青藏高原属于气候变化的敏感区和生态脆弱带,对气候变化和人类活动扰动十分敏感,在未来全球碳循环调控中发挥着重要的作用。为增进对青藏高原高寒草地生态系统碳循环的理解,综述了近10年来气候变化、氮沉降和人类活动干扰下青藏高原温室气体排放、土壤碳库变化以及模型模拟应用等方面的最新研究进展。概括出高寒草地生态系统碳循环研究的草地类型主要包括高寒草原、高寒草甸、灌丛草甸草原、沼泽化草甸以及高寒湿地等。

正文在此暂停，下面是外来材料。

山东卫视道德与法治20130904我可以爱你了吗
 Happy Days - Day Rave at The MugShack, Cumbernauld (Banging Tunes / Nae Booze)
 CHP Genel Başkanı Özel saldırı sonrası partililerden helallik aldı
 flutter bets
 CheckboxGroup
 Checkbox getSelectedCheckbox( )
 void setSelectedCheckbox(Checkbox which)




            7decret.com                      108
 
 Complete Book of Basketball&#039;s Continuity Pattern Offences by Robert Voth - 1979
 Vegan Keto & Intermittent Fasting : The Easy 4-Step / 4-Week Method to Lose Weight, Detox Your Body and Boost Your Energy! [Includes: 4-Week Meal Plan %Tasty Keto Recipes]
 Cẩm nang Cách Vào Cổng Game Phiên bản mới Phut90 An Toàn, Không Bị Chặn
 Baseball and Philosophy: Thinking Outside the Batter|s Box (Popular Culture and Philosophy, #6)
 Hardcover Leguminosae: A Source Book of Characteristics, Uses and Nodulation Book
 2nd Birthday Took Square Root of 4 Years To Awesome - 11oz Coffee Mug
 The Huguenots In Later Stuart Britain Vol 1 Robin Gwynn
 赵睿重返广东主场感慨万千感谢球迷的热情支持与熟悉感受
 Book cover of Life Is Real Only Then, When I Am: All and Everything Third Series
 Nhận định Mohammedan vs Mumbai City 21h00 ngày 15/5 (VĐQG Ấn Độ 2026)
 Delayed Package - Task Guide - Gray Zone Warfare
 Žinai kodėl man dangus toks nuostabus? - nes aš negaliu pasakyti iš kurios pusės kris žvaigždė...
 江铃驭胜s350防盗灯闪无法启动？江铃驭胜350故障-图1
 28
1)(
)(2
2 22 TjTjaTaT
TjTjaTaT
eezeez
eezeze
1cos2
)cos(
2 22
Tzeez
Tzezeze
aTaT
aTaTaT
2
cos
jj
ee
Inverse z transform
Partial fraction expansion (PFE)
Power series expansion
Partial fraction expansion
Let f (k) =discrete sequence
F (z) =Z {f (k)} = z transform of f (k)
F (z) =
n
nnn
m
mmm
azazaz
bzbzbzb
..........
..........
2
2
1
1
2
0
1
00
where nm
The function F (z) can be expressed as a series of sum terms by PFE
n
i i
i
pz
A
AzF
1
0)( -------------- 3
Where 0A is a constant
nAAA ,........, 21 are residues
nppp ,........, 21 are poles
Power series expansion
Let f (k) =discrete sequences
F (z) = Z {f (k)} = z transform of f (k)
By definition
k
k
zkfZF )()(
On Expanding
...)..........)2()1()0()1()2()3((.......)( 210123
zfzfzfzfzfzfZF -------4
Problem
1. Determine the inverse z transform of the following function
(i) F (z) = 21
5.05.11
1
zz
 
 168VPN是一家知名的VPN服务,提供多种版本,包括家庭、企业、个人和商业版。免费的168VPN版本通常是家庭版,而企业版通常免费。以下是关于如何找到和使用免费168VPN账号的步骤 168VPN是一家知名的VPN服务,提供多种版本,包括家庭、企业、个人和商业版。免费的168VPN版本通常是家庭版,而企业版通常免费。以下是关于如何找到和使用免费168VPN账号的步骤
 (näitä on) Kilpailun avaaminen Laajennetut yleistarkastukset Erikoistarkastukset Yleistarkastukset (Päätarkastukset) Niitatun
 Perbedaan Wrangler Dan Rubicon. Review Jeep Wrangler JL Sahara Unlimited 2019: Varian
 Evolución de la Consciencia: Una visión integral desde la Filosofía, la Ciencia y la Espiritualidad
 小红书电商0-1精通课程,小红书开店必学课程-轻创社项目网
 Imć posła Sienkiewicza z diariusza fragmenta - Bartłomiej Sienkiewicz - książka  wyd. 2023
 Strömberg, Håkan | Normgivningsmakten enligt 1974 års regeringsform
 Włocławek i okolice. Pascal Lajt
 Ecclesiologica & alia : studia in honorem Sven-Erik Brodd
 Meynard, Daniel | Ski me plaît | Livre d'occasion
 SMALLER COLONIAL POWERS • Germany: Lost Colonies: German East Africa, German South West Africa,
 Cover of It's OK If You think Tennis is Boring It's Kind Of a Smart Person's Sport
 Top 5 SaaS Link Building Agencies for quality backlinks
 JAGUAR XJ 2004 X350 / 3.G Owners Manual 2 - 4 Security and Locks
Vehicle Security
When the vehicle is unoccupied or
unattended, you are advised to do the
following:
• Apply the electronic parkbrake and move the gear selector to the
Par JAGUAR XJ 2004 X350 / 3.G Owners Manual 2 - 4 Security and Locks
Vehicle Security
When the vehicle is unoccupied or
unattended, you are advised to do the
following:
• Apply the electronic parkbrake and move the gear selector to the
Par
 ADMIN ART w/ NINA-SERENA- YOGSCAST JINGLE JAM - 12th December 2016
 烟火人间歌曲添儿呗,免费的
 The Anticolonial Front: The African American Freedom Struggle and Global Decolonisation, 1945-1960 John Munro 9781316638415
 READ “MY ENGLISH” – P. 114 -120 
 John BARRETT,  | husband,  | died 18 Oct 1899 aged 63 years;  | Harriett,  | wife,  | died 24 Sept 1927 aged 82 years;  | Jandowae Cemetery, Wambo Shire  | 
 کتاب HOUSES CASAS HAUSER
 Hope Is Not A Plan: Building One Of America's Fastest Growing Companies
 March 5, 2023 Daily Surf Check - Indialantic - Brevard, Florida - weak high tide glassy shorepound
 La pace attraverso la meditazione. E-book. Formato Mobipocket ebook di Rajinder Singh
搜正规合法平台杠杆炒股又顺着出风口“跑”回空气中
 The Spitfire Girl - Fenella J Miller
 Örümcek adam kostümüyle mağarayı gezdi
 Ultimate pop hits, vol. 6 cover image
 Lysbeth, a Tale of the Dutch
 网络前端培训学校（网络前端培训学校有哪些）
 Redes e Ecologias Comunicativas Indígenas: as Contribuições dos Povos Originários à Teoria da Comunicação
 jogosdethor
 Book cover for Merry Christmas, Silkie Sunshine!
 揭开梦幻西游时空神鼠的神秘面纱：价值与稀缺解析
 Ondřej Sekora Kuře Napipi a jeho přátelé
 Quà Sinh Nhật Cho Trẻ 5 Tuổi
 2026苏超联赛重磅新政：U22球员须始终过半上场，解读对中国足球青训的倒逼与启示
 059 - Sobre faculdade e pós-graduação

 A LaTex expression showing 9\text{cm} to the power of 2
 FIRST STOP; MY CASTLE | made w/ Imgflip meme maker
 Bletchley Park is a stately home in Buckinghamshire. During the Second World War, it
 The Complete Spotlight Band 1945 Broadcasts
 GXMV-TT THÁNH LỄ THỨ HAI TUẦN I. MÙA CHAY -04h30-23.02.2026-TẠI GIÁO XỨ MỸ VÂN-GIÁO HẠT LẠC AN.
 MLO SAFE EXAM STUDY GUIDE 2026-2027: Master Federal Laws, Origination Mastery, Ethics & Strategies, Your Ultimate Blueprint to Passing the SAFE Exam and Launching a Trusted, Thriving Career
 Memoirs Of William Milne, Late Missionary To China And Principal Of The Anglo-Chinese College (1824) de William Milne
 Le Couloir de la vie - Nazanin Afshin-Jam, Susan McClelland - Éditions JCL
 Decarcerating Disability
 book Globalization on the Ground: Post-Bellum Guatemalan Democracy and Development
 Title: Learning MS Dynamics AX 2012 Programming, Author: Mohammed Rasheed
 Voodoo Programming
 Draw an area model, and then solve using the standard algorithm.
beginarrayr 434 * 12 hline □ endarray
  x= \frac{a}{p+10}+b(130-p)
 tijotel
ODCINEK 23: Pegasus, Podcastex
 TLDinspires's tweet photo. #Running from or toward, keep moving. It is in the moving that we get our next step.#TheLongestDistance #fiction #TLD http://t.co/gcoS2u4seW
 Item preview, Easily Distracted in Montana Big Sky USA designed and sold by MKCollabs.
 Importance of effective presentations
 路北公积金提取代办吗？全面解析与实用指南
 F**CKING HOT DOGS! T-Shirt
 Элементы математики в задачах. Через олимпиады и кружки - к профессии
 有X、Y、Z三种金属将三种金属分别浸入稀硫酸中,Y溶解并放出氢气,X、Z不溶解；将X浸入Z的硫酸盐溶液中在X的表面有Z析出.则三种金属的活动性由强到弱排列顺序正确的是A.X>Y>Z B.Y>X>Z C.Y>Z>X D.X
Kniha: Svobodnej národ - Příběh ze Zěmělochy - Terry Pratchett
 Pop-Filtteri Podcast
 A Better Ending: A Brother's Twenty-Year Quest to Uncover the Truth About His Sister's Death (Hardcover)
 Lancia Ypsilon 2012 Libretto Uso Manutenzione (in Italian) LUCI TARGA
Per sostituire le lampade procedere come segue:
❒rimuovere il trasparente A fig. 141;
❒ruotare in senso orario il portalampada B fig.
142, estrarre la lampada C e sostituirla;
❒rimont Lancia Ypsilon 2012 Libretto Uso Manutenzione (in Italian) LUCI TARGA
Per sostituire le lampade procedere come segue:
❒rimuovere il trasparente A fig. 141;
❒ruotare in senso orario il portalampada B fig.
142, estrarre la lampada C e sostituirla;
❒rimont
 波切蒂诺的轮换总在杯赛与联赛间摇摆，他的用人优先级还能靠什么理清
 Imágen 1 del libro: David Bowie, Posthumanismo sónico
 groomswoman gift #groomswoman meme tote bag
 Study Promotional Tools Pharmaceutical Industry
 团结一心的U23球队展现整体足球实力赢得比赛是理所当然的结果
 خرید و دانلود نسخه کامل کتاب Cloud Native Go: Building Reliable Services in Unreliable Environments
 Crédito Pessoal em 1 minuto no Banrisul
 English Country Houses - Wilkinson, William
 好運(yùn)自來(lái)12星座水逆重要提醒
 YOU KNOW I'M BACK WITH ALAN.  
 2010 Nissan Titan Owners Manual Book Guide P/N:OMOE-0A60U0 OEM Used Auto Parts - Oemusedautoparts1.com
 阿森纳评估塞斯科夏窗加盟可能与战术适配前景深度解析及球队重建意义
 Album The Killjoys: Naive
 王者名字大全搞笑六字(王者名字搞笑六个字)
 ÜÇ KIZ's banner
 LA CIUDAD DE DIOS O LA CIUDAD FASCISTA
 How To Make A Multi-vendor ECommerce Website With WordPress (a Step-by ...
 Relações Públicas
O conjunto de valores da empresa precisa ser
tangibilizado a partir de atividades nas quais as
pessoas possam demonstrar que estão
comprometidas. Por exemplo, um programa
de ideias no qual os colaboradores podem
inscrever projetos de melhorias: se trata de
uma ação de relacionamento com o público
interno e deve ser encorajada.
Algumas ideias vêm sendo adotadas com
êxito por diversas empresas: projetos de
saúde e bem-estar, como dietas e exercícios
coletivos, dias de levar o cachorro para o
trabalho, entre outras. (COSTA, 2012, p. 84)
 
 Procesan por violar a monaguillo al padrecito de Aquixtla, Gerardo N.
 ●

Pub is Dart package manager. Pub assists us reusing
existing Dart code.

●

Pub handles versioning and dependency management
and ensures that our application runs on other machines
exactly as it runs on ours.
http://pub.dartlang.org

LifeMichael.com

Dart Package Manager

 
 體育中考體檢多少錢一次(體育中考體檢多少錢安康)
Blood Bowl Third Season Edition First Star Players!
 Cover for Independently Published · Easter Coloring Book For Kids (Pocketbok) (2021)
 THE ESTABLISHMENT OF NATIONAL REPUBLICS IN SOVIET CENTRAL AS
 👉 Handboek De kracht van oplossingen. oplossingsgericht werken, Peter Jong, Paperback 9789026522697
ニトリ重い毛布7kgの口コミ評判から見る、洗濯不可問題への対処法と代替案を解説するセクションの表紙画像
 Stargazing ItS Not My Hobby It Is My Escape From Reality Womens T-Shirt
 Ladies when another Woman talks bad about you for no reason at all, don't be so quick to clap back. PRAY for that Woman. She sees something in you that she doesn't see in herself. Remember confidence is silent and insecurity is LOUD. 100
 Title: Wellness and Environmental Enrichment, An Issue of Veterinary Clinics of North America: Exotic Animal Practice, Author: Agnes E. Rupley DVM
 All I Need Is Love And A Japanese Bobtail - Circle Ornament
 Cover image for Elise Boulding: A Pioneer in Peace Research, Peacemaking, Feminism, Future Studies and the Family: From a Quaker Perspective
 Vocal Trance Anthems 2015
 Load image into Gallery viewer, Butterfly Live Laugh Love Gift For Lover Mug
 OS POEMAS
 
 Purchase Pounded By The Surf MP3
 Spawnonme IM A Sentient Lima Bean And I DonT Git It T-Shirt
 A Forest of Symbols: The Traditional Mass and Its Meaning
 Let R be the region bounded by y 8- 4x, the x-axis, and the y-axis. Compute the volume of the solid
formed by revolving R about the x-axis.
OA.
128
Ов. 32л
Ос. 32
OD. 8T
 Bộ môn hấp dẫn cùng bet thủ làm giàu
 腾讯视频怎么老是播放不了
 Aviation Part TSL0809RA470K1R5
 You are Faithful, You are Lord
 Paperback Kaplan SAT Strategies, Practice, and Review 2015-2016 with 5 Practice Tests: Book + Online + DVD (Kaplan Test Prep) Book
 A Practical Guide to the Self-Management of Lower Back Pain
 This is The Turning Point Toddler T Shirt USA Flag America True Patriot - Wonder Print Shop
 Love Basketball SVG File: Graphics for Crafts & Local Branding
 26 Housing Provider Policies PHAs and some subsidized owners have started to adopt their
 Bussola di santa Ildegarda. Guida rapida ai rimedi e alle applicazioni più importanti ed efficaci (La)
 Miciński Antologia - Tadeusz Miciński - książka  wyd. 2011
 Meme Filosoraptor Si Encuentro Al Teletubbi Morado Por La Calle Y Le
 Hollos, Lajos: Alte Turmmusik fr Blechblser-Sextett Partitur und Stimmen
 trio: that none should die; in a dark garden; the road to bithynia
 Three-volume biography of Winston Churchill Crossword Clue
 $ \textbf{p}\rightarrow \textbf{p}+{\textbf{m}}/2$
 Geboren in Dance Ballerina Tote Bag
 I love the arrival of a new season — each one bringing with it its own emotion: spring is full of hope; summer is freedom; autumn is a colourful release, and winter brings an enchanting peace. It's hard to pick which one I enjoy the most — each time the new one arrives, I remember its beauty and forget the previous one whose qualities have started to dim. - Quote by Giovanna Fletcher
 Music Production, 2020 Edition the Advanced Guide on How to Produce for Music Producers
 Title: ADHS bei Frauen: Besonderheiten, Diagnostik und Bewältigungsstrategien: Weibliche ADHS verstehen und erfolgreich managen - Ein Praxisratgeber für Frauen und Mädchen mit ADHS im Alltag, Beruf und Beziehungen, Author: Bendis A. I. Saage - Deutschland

阐述了温室气体产生的机理、青藏高原高寒草地碳循环的源汇关系,指出温度升高、放牧、氮沉降是影响青藏高原温室气体排放、土壤碳库变化最重要的外界扰动,但是温室气体排放、土壤碳库对这3个因子之间协同作用的响应目前还不清楚。现有的高寒草地生态系统碳循环模型,主要以植被类型为基础,大多只考虑了水热因子,很少包含土壤因子和生物因子及其协同作用的影响。在此基础上,指出未来拟加强的研究重点:1)冻融交替过程土壤温室气体排放研究;2)非生长季土壤呼吸作用研究;3)碳循环和植物物候耦合研究;4)高寒草地生态系统碳循环模型的开发。

References

[1]	万运帆, 李玉娥, 高清竹, 等. 夏季放牧强度对藏北草原温室气体排放的影响. 草业科学, 2010, 27(11): 1-6.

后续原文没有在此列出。